Весь мир шел кругом. малефик чувствовал себя ребенком, которому завязали глаза, раскрутили сначала в одну сторону, потом в другую, и только потом сдернули повязку. Он едва мог сфокусировать взгляд — но понял, что над ним кто-то склонился. Кажется, ему что-то говорили, но всё, что слышал изувеченный — это стук собственного сердца.
— Йоль? Аларик?.. — он не узнавал собственный голос. Из тумана выплывали неизвестные ему черты. Определенно он никогда не встречался с этой девушкой. Незнакомка была южанкой — смуглой и темноволосой, и лет она видала явно больше, чем Данте. Она широко, криво и зубасто усмехалась. — Кто ты?.. Где?..
Данте едва привстал на локтях, с трудом удерживая шею. Голова у него дрожала, плечи тоже. Беспокойный, едва не отправивший его За Небеса, был, однако, недвижим абсолютно.
Южанка присела рядом с Данте и салютовала пальцами от тронутого сединой виска. Её глаза были жёлтыми, как у ястреба.
— Извини, задержаться в пути. Видеть, что едва не пропустить всё веселье.
— Веселье?
Вкус во рту омерзительный. Данте сплюнул тягучую розовую слюну, рассеянно проследив взглядом за осколком зуба. Коснулся языком изнутри, один из клыков стал еще острее. Его замутило. Он готов был поспорить, что узнавать его будут нескоро.
Он попытался встать и вновь нелепо осел на пол. Южанка протянула ему руку и помогла подняться. Сильная.
— Ну, что ж, видеть, что всё в порядке. Немного крови и порванной шеи — ты справиться! Бывай.
Незнакомка подмигнула Данте. Малефик не мог повернуть голову, чтобы проводить её взглядом, и только подал голос:
— Стой! Погоди... Как ты его...
Данте услышал быстро удаляющиеся шаги, затем хлопнула дверь.
— Убила?..
Это чувство было похоже на щекотку — оно вонзилось под ребра, прошлось холодком по хребту и заставило дернуться. Келен был настолько мертвым, насколько должен был быть мертвым. Глядя на него, колдун ничего не испытывал, ни гнева, ни страха. Это было просто тело — неопасное, вонючее, упокоенное. Отворачиваясь, малефик даже не боялся, что коварная дохлая тварь попытается вырвать ему хребет голыми руками. Ничего. Тишина.

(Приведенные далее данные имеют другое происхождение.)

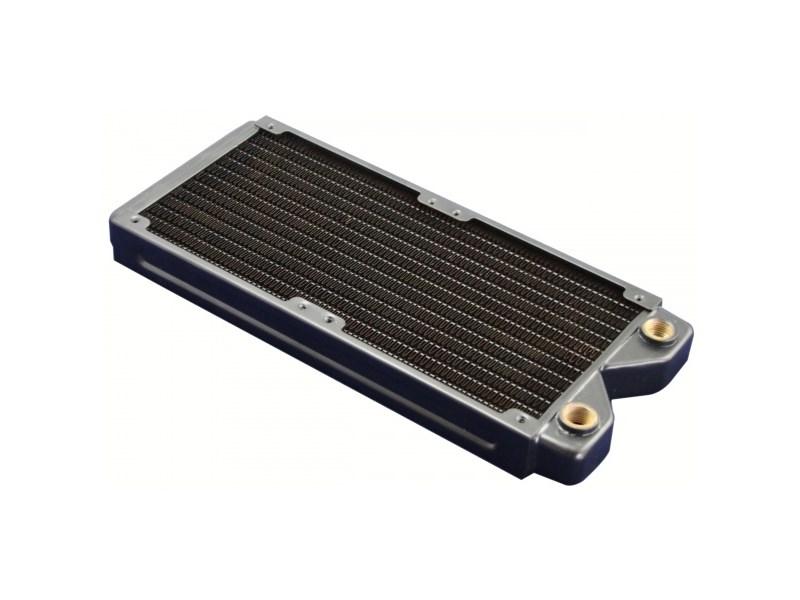 PC vandkøling radiator Magicool G2 Slim 16 FPI – 240 mm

Данте прислушался к себе — и понял, что, в принципе, если перевязать шею и не говорить, вполне способен двигаться. Очень медленно, очень осторожно. Смотреть, куда ногу ставить... Вот так.
Дойдя до дверного проема, малефик перевел дух. У него не было сил на то, чтобы думать, отчего беспокойный Келен вдруг скончался. Как его убила та южанка? Кто она? Малефик поднял лицо, и дождь смывал с него кровь. Увидев знакомое лицо, он изможденно улыбнулся.

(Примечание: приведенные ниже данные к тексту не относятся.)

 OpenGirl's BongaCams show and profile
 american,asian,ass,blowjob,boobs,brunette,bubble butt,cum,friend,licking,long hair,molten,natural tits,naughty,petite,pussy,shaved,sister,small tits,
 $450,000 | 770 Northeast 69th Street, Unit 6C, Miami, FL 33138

Девушка в синем, девушка, легко парящая над землей, протягивала ему белоснежную ладошку.
— Меня никогда не оставят в одиночестве, да?
Йолю это не нравилось. Совсем не нравилось. Он бежал, придерживая клинок — тот уже знатно побил ему бедро — и бежал он непонятно за кем, при этом постоянно теряя его из вида. Чёрные колючие кустарники, скользкие камни, хлюпающая грязь, холодные потоки ветра и усталость... Главное — бежать. Впечатывать сапог в землю достаточно крепко, чтобы не улететь носом вперед. Прыжок, прыжок, прыжок! Вспышка молнии, осветившая кромку рощи — маленькие деревья трепетали под потоками дождя.